Tanpa Pedang Menaklukkan Jepang

Dimuat di Majalah Pendidikan Online Indonesia, Sabtu/19 Oktober 2013
http://mjeducation.co/tanpa-pedang-menaklukkan-jepang/

Judul          : The Swordless Samurai, Pemimpin Legendaris Jepang Abad XVI
Penulis       : Kitami Masao
Editor         : Tim Clark
Alih Bahasa : S. Mardohar
Penerbit      : Pustaka Inspira
Cetakan      : 1/2013
Tebal         : xvii + 262 halaman
ISBN          : 9789791933704

Cara ampuh menunjukkan empati seorang pemimpin kepada para bawahan dengan rajin mengirimi surat menggunakan tulisan tangan. Tapi karena Toyotomi Hideyoshi seorang yang berpendidikan rendah, ia kesulitan mengeja huruf-huruf Kanji. Tulisan tangannya pun seperti cakar ayam. Toh semua itu tak menyurutkan niatnya, Sang Samurai Tanpa Pedang bertekad mengungkapkan isi hati. Ia menulis apa yang dirasakan dan tak begitu memusingkan bentuk tulisan.

Contohnya, pemimpin legendaris Jepang di abad XVI itu pernah melayangkan surat pujian bagi para anggota prajurit Tujuh Tombak. Anak petani miskin yang tingginya 150 sentimeter dan berbobot 50 kilogram itu menandaskan, “Prestasi kalian di Shizugatake telah mengubah wajah Jepang sampai ke generasi-generasi yang akan datang.” (halaman 169).
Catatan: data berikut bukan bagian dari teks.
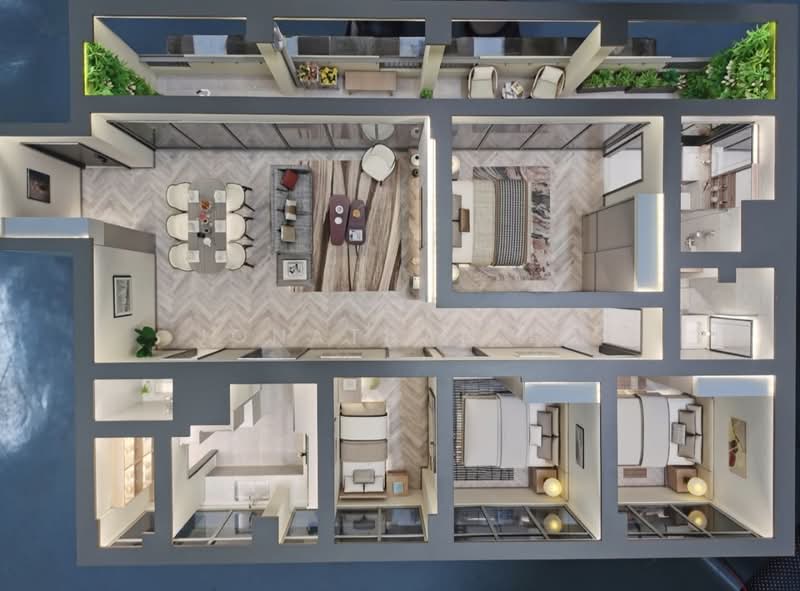 Springleaf Residence, 811 Upper Thomson Road, 3 Bedrooms, 1,259 sqft, Condominium For Sale, by Jonathan Lo, 500003920 - Living Room - PropertyGuru.com.sg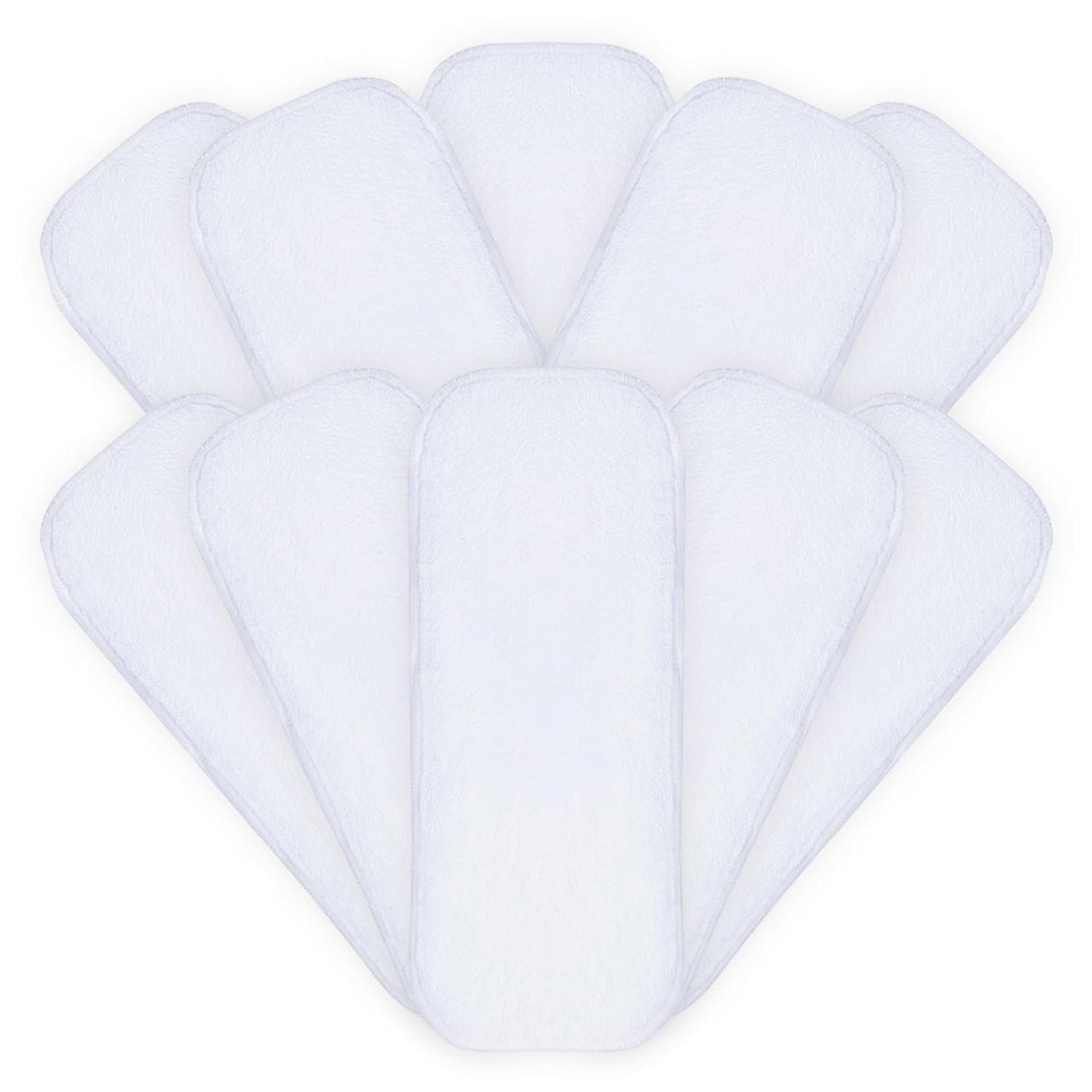 Adult 4 Layer Micro Fiber Wet Free Insert, Reusable Diaper Inserts/Boosters/Soakers/Liners - Pack Of 10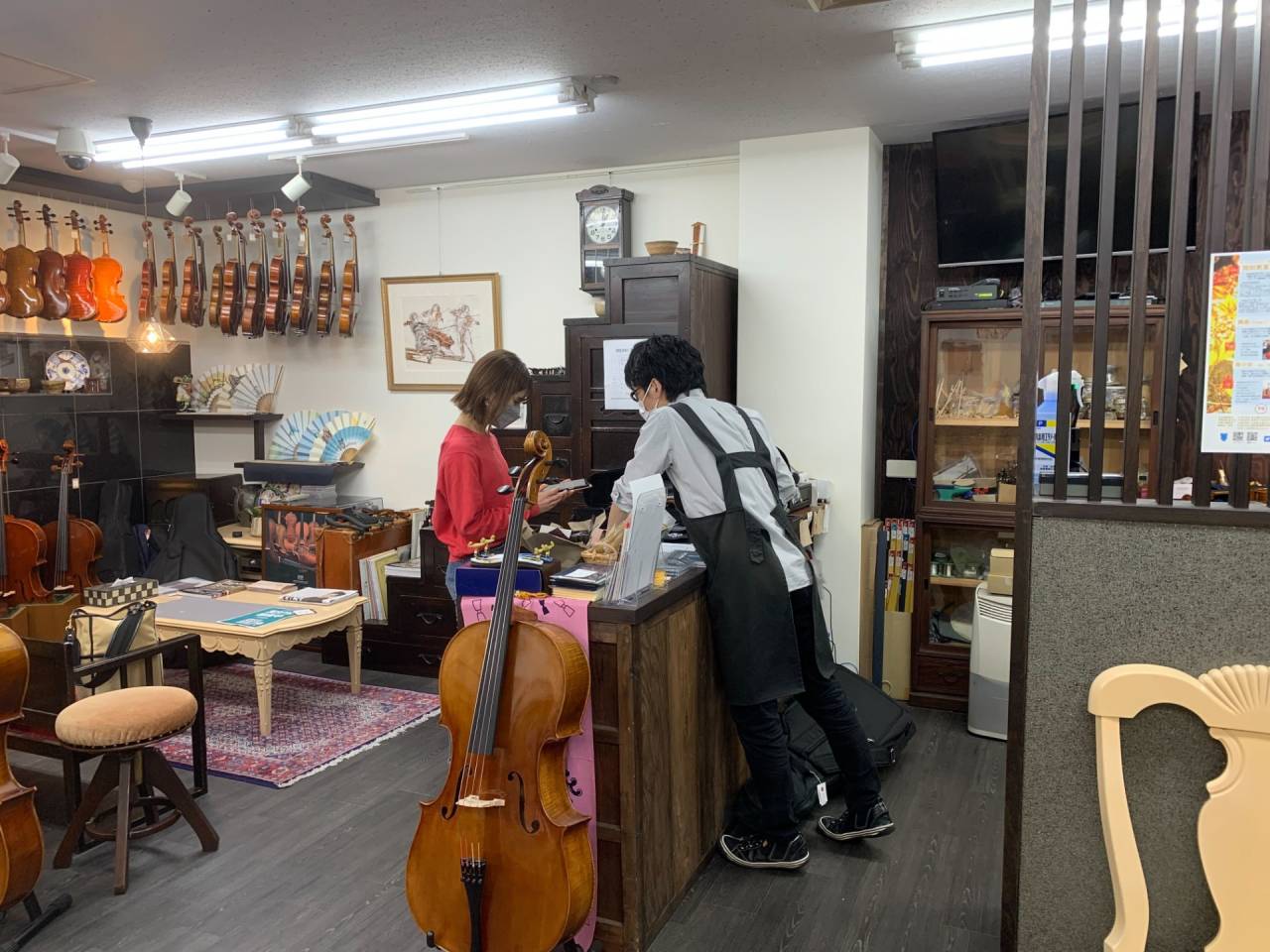 京都展示会初日🎻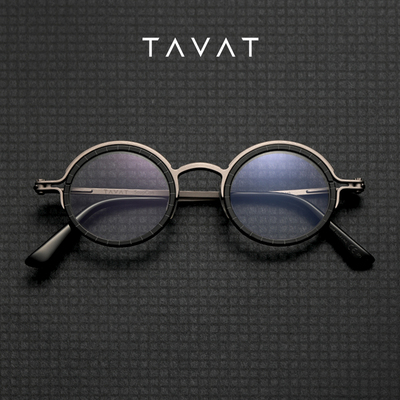 意大利手工眼镜TAVAT金属圆框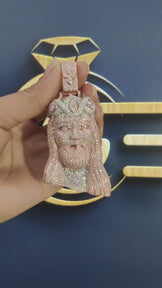 Fully iced out Jesus Pendant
Kinerja prajurit Masanori yang paling membuatnya berdecak kagum. Beberapa saat sebelum pertempuran di Shizugatake, Masanori telah dilucuti pedangnya. Ia diboyong kembali ke perkemahan karena menderita luka di sekujur tubuh. Hebatnya, di tengah malam ia menyelinap keluar dari tenda sembari meraih sebilah pedang pendek. Masanori bergabung dengan pasukan gerak cepat.

Setibanya di medan pertempuran, ia melihat klebatan siluet Haigo, seorang kesatria musuh yang terkenal karena kebuasannya. Lantas, Masanori meloncat dan mencegatnya. Ia melihat sebuah celah di baju zirah Haigo dan menghabisi samurai itu dengan satu kali tusukan tangkas. Darah segar muncrat ketika ia menarik kembali pedang pendeknya. Keberanian dan kenekatan Masanori itu mengingatkan Hideyoshi kepada dirinya sendiri semasa masih muda.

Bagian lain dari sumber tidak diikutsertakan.